The kind of relationship Muir shares with his father may come as a surprise to people familiar with what is arguably Suicidal Tendencies’ biggest single, “Institutionalized,” from their self-titled first album — a song laden with turmoil with the speaker’s parents.
Though Muir says that he had some problems with his parents, the song is not necessarily autobiographical — really, it’s about his friends and their relationship with their parents.
In one of the most memorable exchanges in the song, the speaker recalls an encounter with his mother: "She goes, 'No you're not thinking, you're on drugs / Normal people don't act that way' / I go, 'Mom just give me a Pepsi, please.'"

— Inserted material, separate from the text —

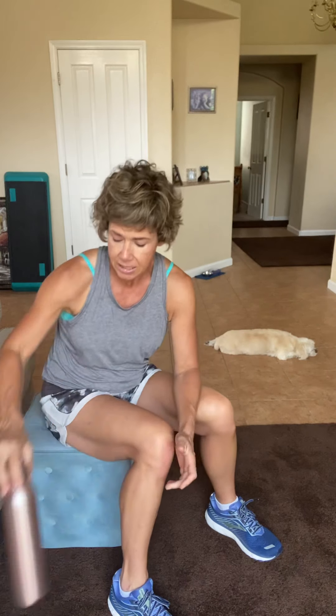Hey there. We are going to work out for 15 minutes together, upper body and core. That's it. Now you can get a lightweight or a water bottle. I promise you will feel it no matter what. And you need a chair, or I'm sitting on a footrest. Either one of those is going to be fine. Let's get going.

Instead of the Pepsi, the speaker tells us that they will "Drug you up because they're lazy / It's too much work to help a crazy."
“The whole thing with the Pepsi, that really happened to a friend of mine," Muir says. "That was a time when they had these camps where people would come in at 2 a.m. and take you away from your family” to be put on drugs and learn some discipline.
“That song was for parents that weren’t parents," he says.
As punk fans have grown older, parents in the community continue to listen to the song as a way of reconnecting with past traumas in an attempt to not pass them along to their children.
"I have friends today that listen to it when they’re having problems with their kids," Muir says. “Like my dad always told me, 'Don’t become the thing you hate.' Kids just want understanding, and they want to understand.”